6. Branch predictions, code optimization

for lecturer: tutorial 6

Class outline

Branch prediction - an introduction
Static branch prediction - an example
Fibonacci sequence - code optimization for MipsPipeS
Dynamic branch predictions - an example

What should I know before the class

To understand previous class.

Náplň cvičení

1. Branch predictions - an introduction

Motivation - why is it good to correctly predict if a branch condition will be fulfilled and what will be the target of a branch.

As shown on the figure above - in branches we can execute (and obtain correct result of) a condition in later phases of the pipeline - and therefore the delay slot lasts several clocks. So these clock will be wasted or we have to find instructions from before the branch to fill these clocks. Such instructions are not always easy to find. Fortunately there is one other approach possible - if we could predict the correct result of the condition and the target of the branch, we could start to execute instructions from the target of the branch and overcome the difficulty with choosing the instructions to fill the delay slot.
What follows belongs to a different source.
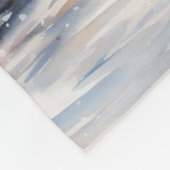 Couverture Polaire A Lighthouse in Winter (Coin)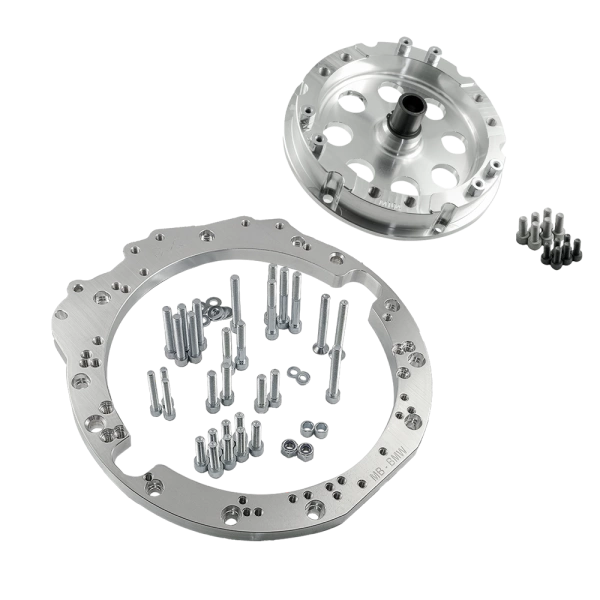 Kit de adaptação Mercedes-Benz M112 - BMW ZF 8HP 8HP75 8HP70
Since the branch instructions are relatively frequent in the programs, the efficient prediction could greatly improve the instruction throughput of the computer system.

Branch prediction consists of two basic parts:

branch target speculation (predict target address of the branch),
branch condition speculation (if the condition of the branch is satisfied or not).

To predict the target of the branch, the BTB (Branch Target Buffer) is generally used. The BTB is an associative cache containing two items: BIA (Branch Instruction Address) and BTA (Branch Target Address). The BTB is accessed during the Instruction Fetch pipeline stage. If the BIA item matches the PC (Program Counter) and we predict that the condition is satisfied, the PC is set to the BTA from BTB.

We can predict if the branch condition is satisfied or not using three approaches - statically, dynamically or hybrid. The most simple way to predict branch condition is assumption that the branch condition will not be satisfied and the program will continue in its execution as is. A little bit better prediction is BTFNT (Backwards Taken / Forwards Not-Taken) prediction.

Consider following pipelined processor:

The first method for branch prediction we will show is to flush (throw away) instruction behind the branch and to stall the pipeline. The pipeline is staled until the branch instruction reaches the MEM stage of the pipeline (in this stage the new value of the PC is finally known). We can illustrate the flow of instruction through the pipeline by following table:

	———	———	———	———	———	———	———	———	———	———
branch instruction	IF	ID	EX	MEM	WB
next instruction		IF(flush)	stall	stall	IF	ID	EX	MEM	WB
next instruction + 1						IF	ID	EX	MEM	WB

Pipeline stall occurs in ID stage (when we have identified the branch instruction) and lasts 3 clocks. Pipeline stall of 3 clocks is a considerable loss of performance. If we assume that branches are taken with 30% probability and ideal CPI = 1, then we will reach speedup only (2,63x against non-pipelined processor). The ideal speed up should be 5x. This branch prediction causes a big lost of performance.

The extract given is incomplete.